Monday, 17 May 2010

Home-schooling - will your children be socially inept?

Back here I argued that home-schooling has the significant advantage, in normal circumstances, in terms of the quality of education.

Today I'd like to advance on that by arguing that, all things being equal, it should lead to more sociable and adaptable children also.

When I say that, I'm aware that upon hearing the idea of home-schooling, many people immediately fear that their children will be in some danger of being anti-social freaks who cannot relate to anyone else except for their parents and perhaps other home-schoolers. The idea seems to be that everyone else is at school, that school has its culture, and that if your kids grow up in a different culture they won't know how to relate to their peers.

Now, the "all things being equal" phrase here is important. Of course, some parents may choose home-schooling because they fear and loathe the outside world and want to avoid it wherever possible. They are recluses, and force their children to do the same. OK. We're not talking about that kind of situation. Of course, personality matters too. Some people are naturally by their innate personalities better socially than others. This also proves nothing. Comparing how well I run the 100m after a year's solid training (by the way, I'm short) against how a lanky Jamaican does after a fortnight will not demonstrate who had the better training method.

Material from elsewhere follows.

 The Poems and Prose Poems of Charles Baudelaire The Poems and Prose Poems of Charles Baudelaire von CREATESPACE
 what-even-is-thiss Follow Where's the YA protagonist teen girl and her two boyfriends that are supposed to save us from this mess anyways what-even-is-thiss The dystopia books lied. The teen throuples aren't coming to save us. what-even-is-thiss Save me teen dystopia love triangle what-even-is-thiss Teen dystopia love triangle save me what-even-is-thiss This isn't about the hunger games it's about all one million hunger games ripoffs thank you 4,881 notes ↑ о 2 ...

Having got that out of the way, I next want to agree with the embedded assumption: that schools have their own culture. That's a large dose of the reason why I and many other parents decided to be home-schoolers. We couldn't afford the fees for a school that aimed to foster our children in a learning environment we would sufficiently approve of. In other words, a school with an explicitly evangelical Christian ethos, which we believe is required by Deuteronomy 6:4-6. Deuteronomy 6:4-6 does not require that 100% of a child's time needs to be spent in an environment with explicitly Christian assumptions (and I never met a home-schooler who thought anything in that ball-park); but the bulk of the day Monday to Friday for most of the year is way, way the wrong side of the line in my judgment: not even close. Declining to choose a 9-to-5 learning environment for our children that is overwhelmingly non-Christian is not the same as fear and loathing of the outside world.

Now, you may well differ from me on that. That last point is not the main part of my argument, so pardon me thrusting that in your face if you didn't agree with it. My real point is a simple one. Home-schoolers, if their parents are taking an all-around view of education (i.e., it's more than just the book-work at the desk), will get out and about quite a lot. They will see and meet many people.

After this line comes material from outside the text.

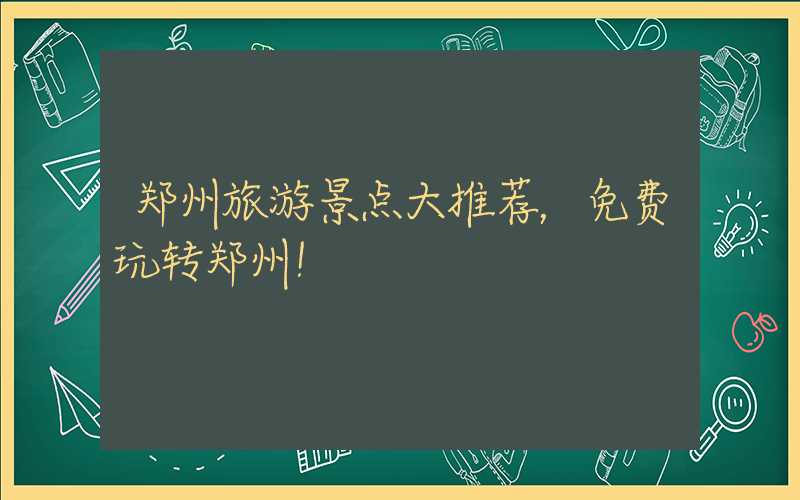 郑州旅游景点大推荐，免费玩转郑州！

Because all activities are not laid on a plate at school, they are likely to go to a club or two. They might go to music lessons with a private teacher. They might meet up with a local home-schoolers group together with their parents for share activities. They're likely to accompany mum as she does the ordinary routine - to the shops, the vet, the bank, etcetera. They write letters to pen-pals. They video chat with a buddy they met at a home-school convention over Skype.

The point is this: in whatever activities they do do, little Johnny or Joanna are meeting people. At school you meet people; home-schoolers also meet people. The key difference is this: at school, you overwhelming interact with only one kind of person: those like yourself, born within the same school year, in the same class, doing the same thing together day after day. Home-schoolers are likely to meet a significantly more diverse range of people - and especially a much higher number of those more mature than them.

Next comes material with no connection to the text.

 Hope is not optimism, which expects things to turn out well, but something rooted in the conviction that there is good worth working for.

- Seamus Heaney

Is it not obvious which of these two is more likely to be better socially adapted? Which is more like "real life" - spending the great majority of time only with your exact peers, or spending it with a much wider range? How many people find it a shock when they leave school and actually join the real-world - where everyday life means interacting with people of all kinds, not just those who are the same age as you and have followed the same basic path for the last decade?

"Your children will be socially ill-adapted" is in my opinion a myth - just as much as the idea that everybody who goes to school is socially well-adapted is (was it like that at your school?). In our experience, real home-schoolers who avoid the obvious pitfalls are much more likely to receive remarks on how confident and conversational their children are.